Foundational thinkers:


Louis Sullivan (1856 CE)

Form Follows Function

Frank Lloyd Wright(1867 CE):  Organic architecture and open plan



Walter Gropius (1883 CE):  One of the pioneers of Modernism, and the International Style.  Also the founder of the Bauhaus.


Mies van der Rohe (1886 CE):  One of the pioneers of Modernism, and the International Style.  Less is More


Le Corbusier (1887 CE):  Another one of the pioneers of Modernism. Updated the Vitruvian Man in his “Le Modulor”, a highly developed system of proporation and measurement based on the size and shape of the human body.  Machines for Living.


The resolution of the dilemma posed by the sometines polarizing debate of Classical versus Modern ultimately is a personal one, illustrated by the work of Colin Rowe (1920-1999), architectural historian and theoretician.

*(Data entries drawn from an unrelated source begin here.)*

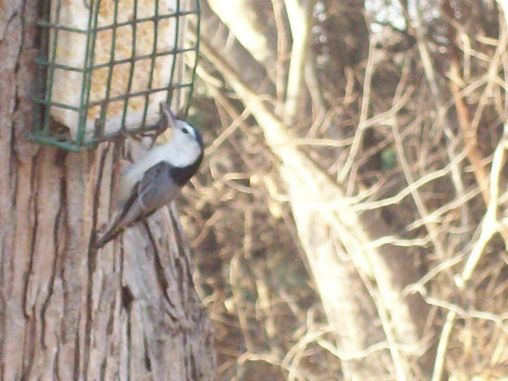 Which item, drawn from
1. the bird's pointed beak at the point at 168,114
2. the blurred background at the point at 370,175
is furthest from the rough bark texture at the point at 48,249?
the blurred background at the point at 370,175

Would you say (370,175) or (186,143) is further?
(370,175)

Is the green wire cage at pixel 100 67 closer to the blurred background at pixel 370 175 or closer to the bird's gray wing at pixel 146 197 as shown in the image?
the bird's gray wing at pixel 146 197

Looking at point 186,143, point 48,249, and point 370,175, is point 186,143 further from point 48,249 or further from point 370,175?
point 370,175

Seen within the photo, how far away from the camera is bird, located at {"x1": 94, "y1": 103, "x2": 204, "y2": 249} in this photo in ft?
6.80

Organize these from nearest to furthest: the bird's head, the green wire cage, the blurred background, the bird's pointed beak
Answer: the green wire cage → the bird's pointed beak → the bird's head → the blurred background

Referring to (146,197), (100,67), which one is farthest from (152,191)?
(100,67)

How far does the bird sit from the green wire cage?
0.33 feet

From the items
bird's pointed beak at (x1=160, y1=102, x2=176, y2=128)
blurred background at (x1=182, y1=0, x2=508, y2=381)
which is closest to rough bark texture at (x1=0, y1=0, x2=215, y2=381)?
bird's pointed beak at (x1=160, y1=102, x2=176, y2=128)

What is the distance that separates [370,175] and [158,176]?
3635 mm

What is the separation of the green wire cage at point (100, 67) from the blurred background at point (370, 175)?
2.43 meters

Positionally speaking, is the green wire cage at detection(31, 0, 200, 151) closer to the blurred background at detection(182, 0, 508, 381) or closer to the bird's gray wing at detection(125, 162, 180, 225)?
the bird's gray wing at detection(125, 162, 180, 225)

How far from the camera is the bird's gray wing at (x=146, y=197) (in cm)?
207

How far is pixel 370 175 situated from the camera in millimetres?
5676

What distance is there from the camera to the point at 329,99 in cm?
528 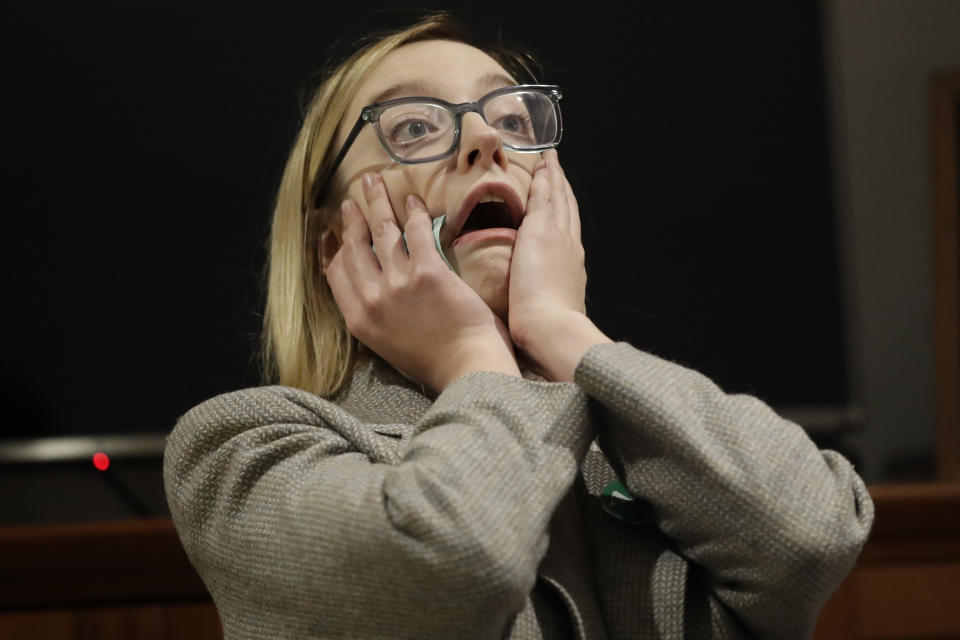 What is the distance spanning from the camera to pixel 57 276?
212cm

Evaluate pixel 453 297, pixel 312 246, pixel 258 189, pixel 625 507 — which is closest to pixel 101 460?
pixel 258 189

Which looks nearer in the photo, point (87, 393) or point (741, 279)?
point (87, 393)

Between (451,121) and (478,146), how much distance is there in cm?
6

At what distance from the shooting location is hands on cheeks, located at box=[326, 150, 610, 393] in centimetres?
99

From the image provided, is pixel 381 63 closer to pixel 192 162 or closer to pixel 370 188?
pixel 370 188

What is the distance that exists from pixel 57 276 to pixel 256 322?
0.40 m

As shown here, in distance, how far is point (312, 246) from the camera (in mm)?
1295

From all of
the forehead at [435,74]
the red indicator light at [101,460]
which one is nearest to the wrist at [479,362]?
the forehead at [435,74]

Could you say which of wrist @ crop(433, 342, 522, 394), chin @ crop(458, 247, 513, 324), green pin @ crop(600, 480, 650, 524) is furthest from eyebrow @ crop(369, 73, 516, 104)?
green pin @ crop(600, 480, 650, 524)

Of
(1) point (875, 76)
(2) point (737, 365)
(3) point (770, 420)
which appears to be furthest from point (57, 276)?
(1) point (875, 76)

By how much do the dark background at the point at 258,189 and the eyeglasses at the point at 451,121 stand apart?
0.95 m

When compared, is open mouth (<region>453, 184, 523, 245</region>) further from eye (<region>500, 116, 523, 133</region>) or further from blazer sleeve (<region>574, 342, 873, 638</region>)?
blazer sleeve (<region>574, 342, 873, 638</region>)

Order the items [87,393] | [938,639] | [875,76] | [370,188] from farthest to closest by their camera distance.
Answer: [875,76] → [87,393] → [938,639] → [370,188]

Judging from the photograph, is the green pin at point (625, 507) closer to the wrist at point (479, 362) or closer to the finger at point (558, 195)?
the wrist at point (479, 362) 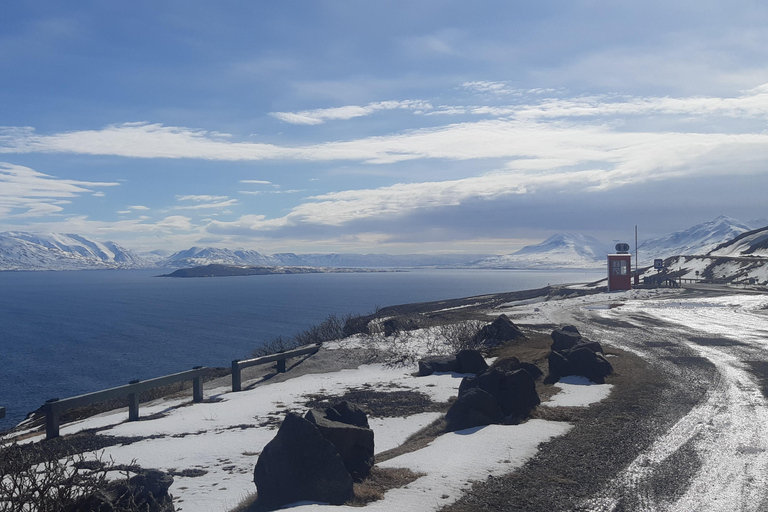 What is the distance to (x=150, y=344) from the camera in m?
57.8

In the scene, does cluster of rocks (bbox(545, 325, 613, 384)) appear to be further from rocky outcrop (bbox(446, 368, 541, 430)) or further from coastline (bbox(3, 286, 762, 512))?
rocky outcrop (bbox(446, 368, 541, 430))

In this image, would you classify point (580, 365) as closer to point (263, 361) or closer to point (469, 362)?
point (469, 362)

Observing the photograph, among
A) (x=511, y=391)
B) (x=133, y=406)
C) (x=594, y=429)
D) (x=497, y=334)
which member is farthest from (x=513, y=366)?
(x=497, y=334)

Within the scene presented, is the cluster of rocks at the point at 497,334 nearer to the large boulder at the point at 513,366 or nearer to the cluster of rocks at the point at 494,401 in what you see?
the large boulder at the point at 513,366

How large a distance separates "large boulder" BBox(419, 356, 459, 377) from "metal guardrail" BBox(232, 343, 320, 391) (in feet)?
16.6

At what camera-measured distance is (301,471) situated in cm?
691

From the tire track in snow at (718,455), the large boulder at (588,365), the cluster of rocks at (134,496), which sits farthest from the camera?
the large boulder at (588,365)

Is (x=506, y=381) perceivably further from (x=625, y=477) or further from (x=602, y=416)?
(x=625, y=477)

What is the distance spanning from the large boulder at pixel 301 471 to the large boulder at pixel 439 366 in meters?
9.76

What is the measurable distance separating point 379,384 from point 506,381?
546 centimetres

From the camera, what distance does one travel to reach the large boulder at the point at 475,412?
1024 centimetres

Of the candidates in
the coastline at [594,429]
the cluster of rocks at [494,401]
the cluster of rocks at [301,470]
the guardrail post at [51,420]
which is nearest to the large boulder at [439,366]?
the coastline at [594,429]

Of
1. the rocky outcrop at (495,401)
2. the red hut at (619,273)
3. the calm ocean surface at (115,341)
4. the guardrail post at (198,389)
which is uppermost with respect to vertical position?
the red hut at (619,273)

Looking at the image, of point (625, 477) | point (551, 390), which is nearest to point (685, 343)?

Rowe may be best known for “The Mathematics of the Ideal Villa”, first published in 1947, in which he compared Palladio’s Villa Malcontenta with Corbusier’s Villa Stein at Garches. He sought to make international modern architecture acceptable by investing it with a historical legitimacy, rather as Pevsner claimed Voysey as a precursor of the Bauhaus.

But Rowe came to regret his support of Modernism so that, in 1998, he confessed that he found looking at Renaissance buildings ‘gratifying and refreshing, as the spectacle of Modern Architecture becomes more depressing’.